What Happened

A Reddit user ran systematic benchmarks of 37 LLMs across 10 model families on a MacBook Air M5 (32GB, 10-core CPU/GPU) using llama-bench with Q4_K_M quantization. The test measured two key metrics: token generation speed (tg128, tokens/sec) and prompt processing speed (pp256, tokens/sec). The goal is to build a community-sourced database covering all Apple Silicon chips from M1 through M5.

Why It Matters

For indie developers and SMEs running local inference, hardware selection and model choice directly affect cost and user experience. Key findings from the data:

  • Qwen 3 0.6B hits 91.9 tok/s generation — fast enough for real-time UI applications with minimal RAM (0.6 GB).
  • Qwen 3.5 35B-A3B MoE runs at 31.3 tok/s using only 20.7 GB RAM — 12x faster than dense 32B models (2.5 tok/s) at comparable memory footprint.
  • Dense 32B models (QwQ, Qwen 3 32B, DeepSeek R1 Distill 32B) all plateau around 2.5–2.6 tok/s on this hardware, making them impractical for interactive use.
  • For coding tasks, Qwen 2.5 Coder 7B delivers 11 tok/s — a comfortable interactive speed — while the 14B variant drops to 6 tok/s for higher quality at slower pace.

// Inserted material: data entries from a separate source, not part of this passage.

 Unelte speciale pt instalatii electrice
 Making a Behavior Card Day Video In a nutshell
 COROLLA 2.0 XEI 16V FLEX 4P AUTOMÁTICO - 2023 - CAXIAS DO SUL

The benchmark tool used is open-source llama-bench, meaning any developer can replicate these tests on their own hardware and contribute results to the community database.

Asia-Pacific Angle

Chinese-origin models dominate the top performance tiers in this benchmark. Qwen 3 (Alibaba) and Qwen 2.5 Coder claim the fastest generation speeds and best MoE efficiency. DeepSeek R1 Distill variants appear in both the fast and capable tiers. For developers in China and Southeast Asia building products that require on-device inference — whether for data privacy compliance, offline capability, or avoiding API costs — this data provides a direct hardware-to-model selection guide. The Qwen family's strong Q4_K_M quantization performance is particularly relevant for teams already familiar with Alibaba's model ecosystem. MoE architecture advantages shown here also validate the direction taken by domestic Chinese AI labs competing on efficiency rather than raw parameter count.

Action Item This Week

If you run local inference on Apple Silicon, install llama-bench via llama.cpp, run the Q4_K_M benchmark on Qwen 3.5 35B-A3B MoE against your current model choice, and measure whether the MoE speed advantage (31 tok/s vs ~2.5 tok/s for dense 32B) justifies switching — especially if your use case involves interactive response generation.